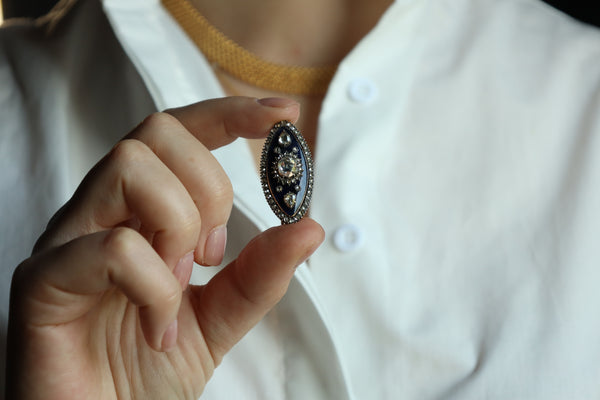 A close-up of a hand holding a small, oval-shaped silver ring with a dark blue enamel background and a central gold-toned floral motif.
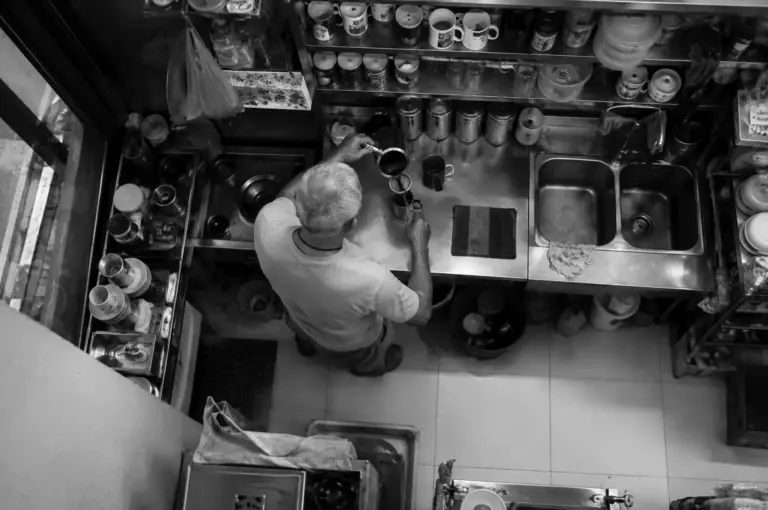 Top-down view of a traditional coffee maker preparing kopi using a cloth filter and metal pots in a kopitiam stall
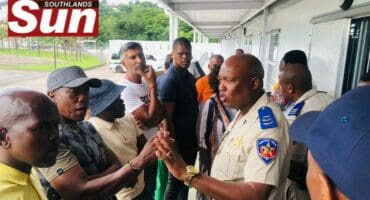 Owners of driving schools talking to the officials at the Rossburgh Licencing Centre.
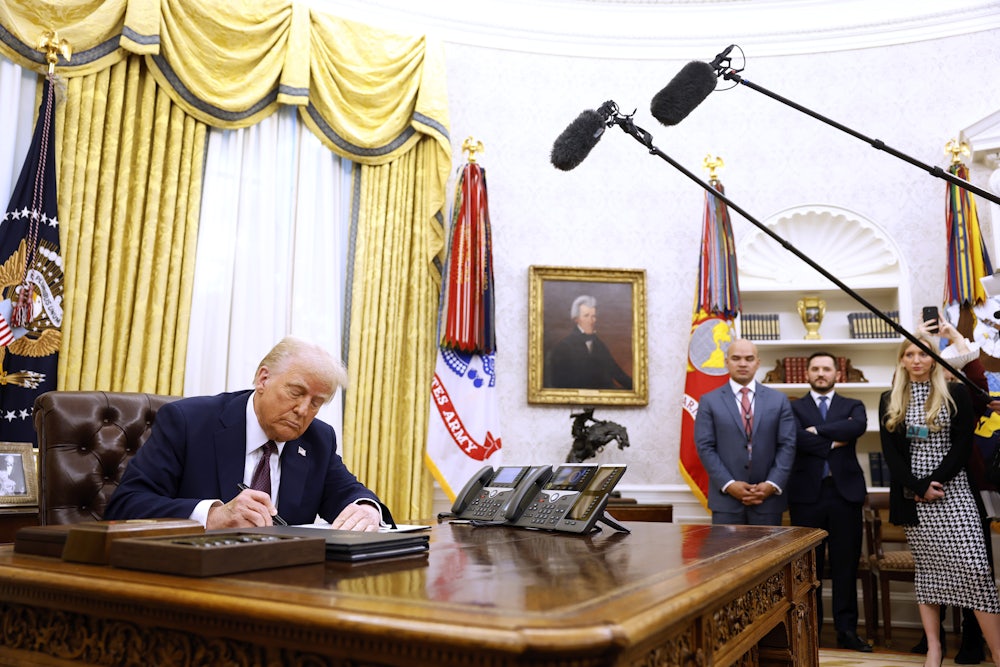 President Donald Trump signs a series of executive orders in the Oval Office of the White House on January 23, 2025, including clemency for anti-abortion activists.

- **AIM OF THE EXERCISE**
Restate all of the material word for word. Keep out every picture.

- **OUTPUT FOR THIS EXERCISE**
 A close-up of a hand holding a small, oval-shaped silver ring with a dark blue enamel background and a central gold-toned floral motif.
 Top-down view of a traditional coffee maker preparing kopi using a cloth filter and metal pots in a kopitiam stall
 Owners of driving schools talking to the officials at the Rossburgh Licencing Centre.
 President Donald Trump signs a series of executive orders in the Oval Office of the White House on January 23, 2025, including clemency for anti-abortion activists.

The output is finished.